I honestly don't think I would be on this path if it wasn't for many of you on this site *Affaircare I am being serious I think you helped me get on the path of saving my marriage!!!!* I have followed the steps you gave me and I am seeing huge results!!! H is responding and when I finally REALIZED I had to take control the tables turned. Also the love kindlers were huge and I am going to get teary eyed but even though it has only been a week H is seems to be doing them too and I did not expect him to do them at 1st but he seems to realize HOW important they are. 

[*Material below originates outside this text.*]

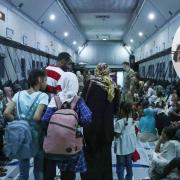 Inside an evacuation flight from Sudan on the left and people leaving a place on the right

Now don't get me wrong I know that we have hard work ahead of us.....BUT I feel at peace that I know it is NOT just me but US. We have talked in extent with what has to be done and we don't want to go there ever again and that we will have to work on it to not happen again. I think sometimes you have to hit rock bottom before you can come back to the surface. I wish we never had to but we did and we both agree we just have to grow from it. I wish I could of found this site and used the knowledge I have now but I didn't but I do now:smthumbup:

I know it will be a journey with many twist and turns but I am looking forward to it and as he said I am glad we are going to be taking it together 

Thank you all I am serious I could NOT of gotten where I am with out many of you!! I can say I am happy that my marriage is back on the track to becoming strong again but even more so I feel like I have learned so much about myself and THAT will help so much. Thank you


----------



## cmf (May 21, 2010)

So glad you posted! I was hoping to hear how things were going for you. I'm sure your update will inspire many, it certainly gives me hope to hear it! Affaircare and Tanelornpete have helped me so much too, their advice has always proven true for me. Please keep letting us know how things are going and what you are finding helpful while you work things out. I'm very happy for you


----------



## finallyseewhy (May 1, 2010)

cmf I have been thinking about you A LOT. This last week I have not been online much I just have been getting back into the swings of things. I am NOT planning on leaving this site....it just have done too much for me. I really meant that I wish I would of found it before and I don't want to lose the info either. 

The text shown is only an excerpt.